The algorithm and the schemes

According to the standard by NIST[4], SHA-256 is shown as Algorithm 1. Because the pre-processing procedure (Line 2) is only calculated once for every message, it’s costly to implement hardware of this part. Thus, my design will input pre-processed data rather than raw data.


Algorithm 1: SHA-256
Require:
Variables are 32 bit unsigned integers in default.
H_i: Hash value, 0\leqslant i\leqslant 7
H^{init}_i: H_i initial value, 0\leqslant i\leqslant 7
K_i: Constant, 0\leqslant i\leqslant 7
L: Length of the input (in bit), 64 bit unsigned integer
\sigma_0, \sigma_1, \Sigma_0, \Sigma_1, Ch, Maj: Predefined logic functions
||: Append operation
ENSURE: Go through the whole iteration for every message
1.  Initialize Hi with H^{init}_i
2.  Pre-processing: Append one ‘1’ bit, K ‘0’ bit and L, such that L+1+K+64 is a multiple of 512
3.  Divide the message into 512 bit chunk
4.  for every chunk do
5.      Divide into sixteen 32 bit integers (W_1 to W_{15})
6.      for i=16 to 63 do
7.          W_i \leftarrow W_{i-16} + \sigma_0(W_{i-15}) + W_{i-7} + \sigma_0(W_{i-2})
8.      end for
9.      \{a, b, ..., h\} \leftarrow \{H_0, H_1, ..., H_7\}
10.    for i=0 to 63 do
11.         T_1 \leftarrow h+\Sigma_1(e)+Ch(e,f,g)+K_i+W_i
12.         T_2 \leftarrow \Sigma_0(a)+Maj(a,b,c)
13.         h \leftarrow g
14.         g \leftarrow f
15.         f \leftarrow e
16.         e \leftarrow d+T_1
17.         d \leftarrow c
18.         c \leftarrow b
19.         b \leftarrow a
20.         a \leftarrow T_1+T_2
21.     end for
22.     \{H_0, H_1, ..., H_7\} \leftarrow \{H_0, H_1, ..., H_7\}+\{a, b, ..., h\}
23. end for
24. print H_0 || H_1 || H_2 || H_3 || H_4 || H_5 || H_6 || H_7

The architecture of the ASIC unit is shown as Figure 1. Hash Value Generator is the unit related to Line 4 to Line 23 in Algorithm 1. This module generates hash values from the message and will be implemented using three stage pipeline. Output Control is designed to output hash value (H_0, H_1, ..., H_7) by 32 bit per clock cycle. CALCU_EN is the input signal that indicates the start of a new hash block. CALCU_RDY is the output signal that indicates the finish of a hash block. READ_EN is the input signal that indicates the start of hash value output.

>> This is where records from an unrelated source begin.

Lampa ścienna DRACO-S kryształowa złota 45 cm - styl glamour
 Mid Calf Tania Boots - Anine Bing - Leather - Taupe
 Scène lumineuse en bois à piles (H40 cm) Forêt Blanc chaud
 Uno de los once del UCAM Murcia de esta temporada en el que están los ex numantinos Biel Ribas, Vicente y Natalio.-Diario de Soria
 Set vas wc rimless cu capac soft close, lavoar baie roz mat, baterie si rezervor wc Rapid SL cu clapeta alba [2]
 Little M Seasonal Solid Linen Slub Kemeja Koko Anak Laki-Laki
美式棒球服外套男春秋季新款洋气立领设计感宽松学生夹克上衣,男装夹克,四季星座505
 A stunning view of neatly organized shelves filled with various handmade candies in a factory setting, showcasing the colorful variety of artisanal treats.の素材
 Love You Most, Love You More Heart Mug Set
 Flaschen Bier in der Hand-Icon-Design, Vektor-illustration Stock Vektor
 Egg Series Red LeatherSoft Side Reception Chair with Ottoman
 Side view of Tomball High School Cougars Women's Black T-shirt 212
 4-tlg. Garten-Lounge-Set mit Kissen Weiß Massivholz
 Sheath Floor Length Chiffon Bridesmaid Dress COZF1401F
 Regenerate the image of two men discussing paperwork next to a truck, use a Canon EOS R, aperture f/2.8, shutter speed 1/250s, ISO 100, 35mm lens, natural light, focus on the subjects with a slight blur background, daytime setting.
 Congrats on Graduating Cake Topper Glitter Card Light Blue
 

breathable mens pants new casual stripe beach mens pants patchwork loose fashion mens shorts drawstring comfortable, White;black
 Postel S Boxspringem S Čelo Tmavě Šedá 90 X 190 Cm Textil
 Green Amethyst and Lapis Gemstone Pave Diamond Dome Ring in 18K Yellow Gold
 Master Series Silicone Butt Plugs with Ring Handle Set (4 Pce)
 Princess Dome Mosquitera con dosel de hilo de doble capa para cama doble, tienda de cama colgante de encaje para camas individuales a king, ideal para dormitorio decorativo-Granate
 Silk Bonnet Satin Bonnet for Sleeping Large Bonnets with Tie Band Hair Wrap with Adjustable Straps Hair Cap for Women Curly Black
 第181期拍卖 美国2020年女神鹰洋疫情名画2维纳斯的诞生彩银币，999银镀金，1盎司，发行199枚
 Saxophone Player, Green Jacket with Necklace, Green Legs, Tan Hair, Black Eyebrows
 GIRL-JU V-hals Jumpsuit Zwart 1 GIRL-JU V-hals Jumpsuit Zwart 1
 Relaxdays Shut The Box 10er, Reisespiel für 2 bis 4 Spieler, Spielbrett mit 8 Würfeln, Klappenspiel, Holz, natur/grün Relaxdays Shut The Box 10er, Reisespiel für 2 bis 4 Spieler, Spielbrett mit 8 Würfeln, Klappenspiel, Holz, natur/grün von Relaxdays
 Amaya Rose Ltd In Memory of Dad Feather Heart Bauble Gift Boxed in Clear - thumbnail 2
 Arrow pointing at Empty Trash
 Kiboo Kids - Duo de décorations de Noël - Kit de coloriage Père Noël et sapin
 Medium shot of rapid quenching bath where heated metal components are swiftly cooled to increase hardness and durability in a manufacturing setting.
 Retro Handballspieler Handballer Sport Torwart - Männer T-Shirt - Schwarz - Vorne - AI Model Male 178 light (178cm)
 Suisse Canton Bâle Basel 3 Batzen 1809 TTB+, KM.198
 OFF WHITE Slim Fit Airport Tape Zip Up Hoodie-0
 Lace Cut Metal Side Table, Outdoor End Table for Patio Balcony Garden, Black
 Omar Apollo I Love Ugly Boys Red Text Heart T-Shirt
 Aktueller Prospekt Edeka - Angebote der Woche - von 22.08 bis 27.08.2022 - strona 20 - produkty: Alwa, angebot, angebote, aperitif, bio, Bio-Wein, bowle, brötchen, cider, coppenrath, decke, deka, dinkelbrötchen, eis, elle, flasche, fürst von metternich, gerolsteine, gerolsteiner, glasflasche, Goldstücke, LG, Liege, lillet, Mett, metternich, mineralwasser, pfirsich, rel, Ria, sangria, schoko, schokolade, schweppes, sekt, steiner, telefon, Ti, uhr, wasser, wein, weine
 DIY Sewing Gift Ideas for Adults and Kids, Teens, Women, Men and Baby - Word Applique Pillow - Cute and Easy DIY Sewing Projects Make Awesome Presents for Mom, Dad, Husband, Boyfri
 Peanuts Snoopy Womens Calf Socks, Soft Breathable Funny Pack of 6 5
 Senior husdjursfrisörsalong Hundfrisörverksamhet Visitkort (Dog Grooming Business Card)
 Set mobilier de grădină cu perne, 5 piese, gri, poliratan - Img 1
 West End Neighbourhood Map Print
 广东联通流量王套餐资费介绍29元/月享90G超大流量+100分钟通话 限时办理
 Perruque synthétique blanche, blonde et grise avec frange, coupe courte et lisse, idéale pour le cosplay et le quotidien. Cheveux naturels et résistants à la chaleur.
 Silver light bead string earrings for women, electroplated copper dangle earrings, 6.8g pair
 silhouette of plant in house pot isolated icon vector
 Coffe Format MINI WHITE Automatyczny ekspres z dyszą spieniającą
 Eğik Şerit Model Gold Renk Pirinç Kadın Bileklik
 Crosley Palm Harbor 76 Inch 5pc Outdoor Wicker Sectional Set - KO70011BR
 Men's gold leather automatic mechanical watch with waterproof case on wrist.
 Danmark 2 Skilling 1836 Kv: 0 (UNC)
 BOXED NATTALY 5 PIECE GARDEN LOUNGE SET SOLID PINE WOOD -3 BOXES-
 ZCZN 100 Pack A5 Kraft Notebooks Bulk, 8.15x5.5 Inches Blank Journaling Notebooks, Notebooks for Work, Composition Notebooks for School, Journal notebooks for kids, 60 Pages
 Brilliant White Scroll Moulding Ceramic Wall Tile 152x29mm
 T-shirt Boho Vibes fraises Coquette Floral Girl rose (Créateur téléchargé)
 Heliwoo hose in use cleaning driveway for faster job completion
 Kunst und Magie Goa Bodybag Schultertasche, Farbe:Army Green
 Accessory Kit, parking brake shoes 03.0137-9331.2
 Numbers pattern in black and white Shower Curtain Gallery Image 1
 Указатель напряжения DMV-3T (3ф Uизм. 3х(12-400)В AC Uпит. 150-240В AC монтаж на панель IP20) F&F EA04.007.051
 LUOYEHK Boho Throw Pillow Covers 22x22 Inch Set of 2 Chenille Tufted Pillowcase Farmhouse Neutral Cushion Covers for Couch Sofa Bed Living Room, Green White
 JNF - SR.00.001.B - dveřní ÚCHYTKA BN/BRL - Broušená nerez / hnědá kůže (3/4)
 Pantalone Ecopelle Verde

Rendered by QuickLaTeX.com

Figure 1: Architecture of SHA-256 ASIC Unit.

It’s obvious that the Hash Value Generator is the key point of the design. The scheme of this module is shown in Figure 2. In the design, Full Adder Arrays (FAA) are used to speed up the add operations. Each FAA unit is a 3:2 compressor, in which the carryout of a one-bit adder is taken as the output rather than add to the next bit. This guarantees that all bits are independent and can be calculated in parallel. Because \sigma_0, \sigma_1, \Sigma_0, \Sigma_1, Ch, Maj are logic operations, they are much faster than both FAA and adder, their delays can be safely ignored[3]. And since an adder with Carry Look Ahead (CLA) is at least three times slower than an FAA[3], the critical path of pipeline in the shown scheme are

    \begin{equation*} Ch \Rightarrow faa4 \Rightarrow faa6 \Rightarrow add2 \end{equation*}

and

    \begin{equation*} \sigma_0 \Rightarrow faa7 \Rightarrow faa8 \Rightarrow add3 \end{equation*}

The clock frequency will be chosen base on these critical paths.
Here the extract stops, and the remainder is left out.